===== Provided records
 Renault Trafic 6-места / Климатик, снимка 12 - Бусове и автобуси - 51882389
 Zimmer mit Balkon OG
==========
===== Provided records
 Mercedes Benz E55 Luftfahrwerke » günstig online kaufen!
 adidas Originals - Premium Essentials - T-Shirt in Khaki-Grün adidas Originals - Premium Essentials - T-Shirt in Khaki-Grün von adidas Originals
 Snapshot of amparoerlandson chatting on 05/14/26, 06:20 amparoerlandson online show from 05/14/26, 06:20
==========
Directions
Take the lines above from the one containing "von adidas Originals" down to the one containing "Snapshot of amparoerlandson", and transcribe them exactly, both ends included.

Result of the task
 adidas Originals - Premium Essentials - T-Shirt in Khaki-Grün adidas Originals - Premium Essentials - T-Shirt in Khaki-Grün von adidas Originals
 Snapshot of amparoerlandson chatting on 05/14/26, 06:20 amparoerlandson online show from 05/14/26, 06:20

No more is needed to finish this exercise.